Dataset excerpt
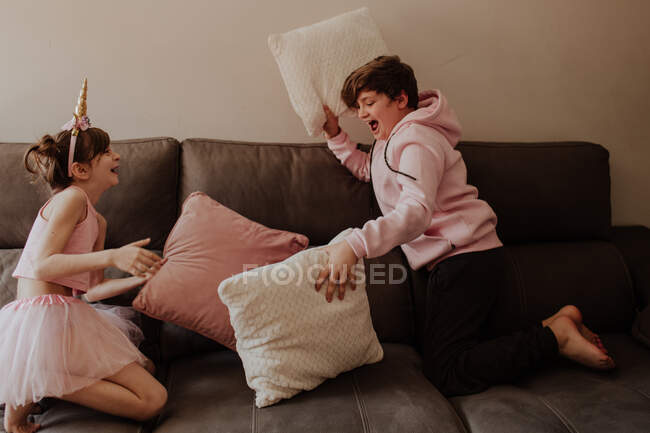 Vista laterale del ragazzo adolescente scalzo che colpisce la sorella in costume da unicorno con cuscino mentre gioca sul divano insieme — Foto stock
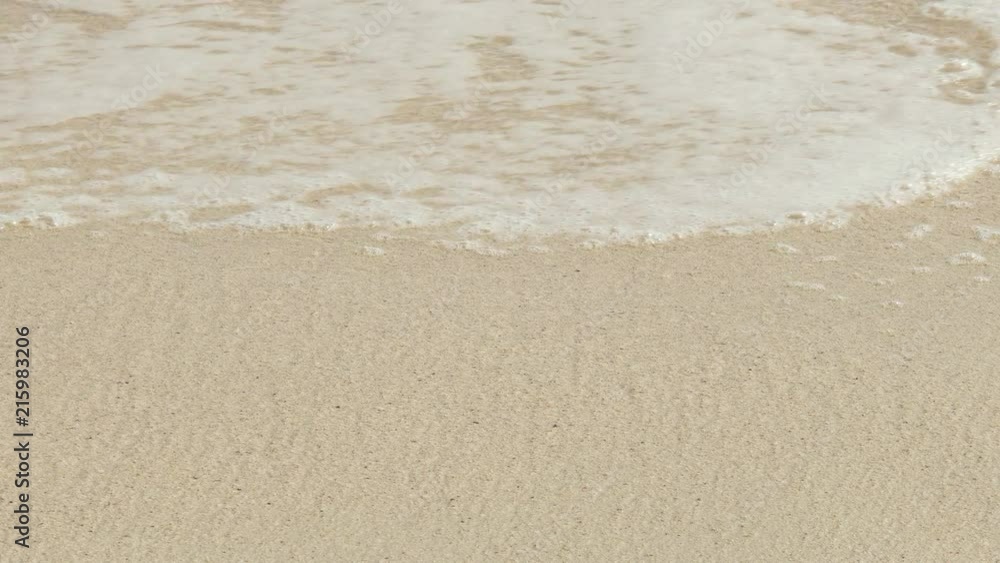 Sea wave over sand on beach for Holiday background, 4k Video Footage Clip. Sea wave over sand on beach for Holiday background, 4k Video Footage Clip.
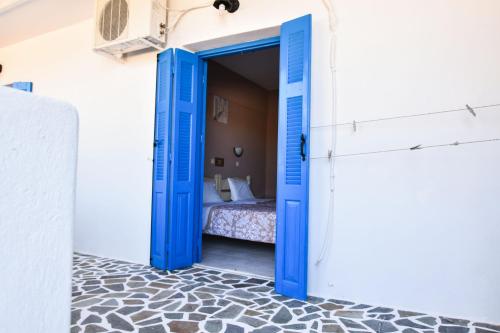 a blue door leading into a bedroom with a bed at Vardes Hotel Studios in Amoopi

Task goal
Every line above is to be given again exactly, apart from the pictures.

Response to this exercise
 Vista laterale del ragazzo adolescente scalzo che colpisce la sorella in costume da unicorno con cuscino mentre gioca sul divano insieme — Foto stock
 Sea wave over sand on beach for Holiday background, 4k Video Footage Clip. Sea wave over sand on beach for Holiday background, 4k Video Footage Clip.
 a blue door leading into a bedroom with a bed at Vardes Hotel Studios in Amoopi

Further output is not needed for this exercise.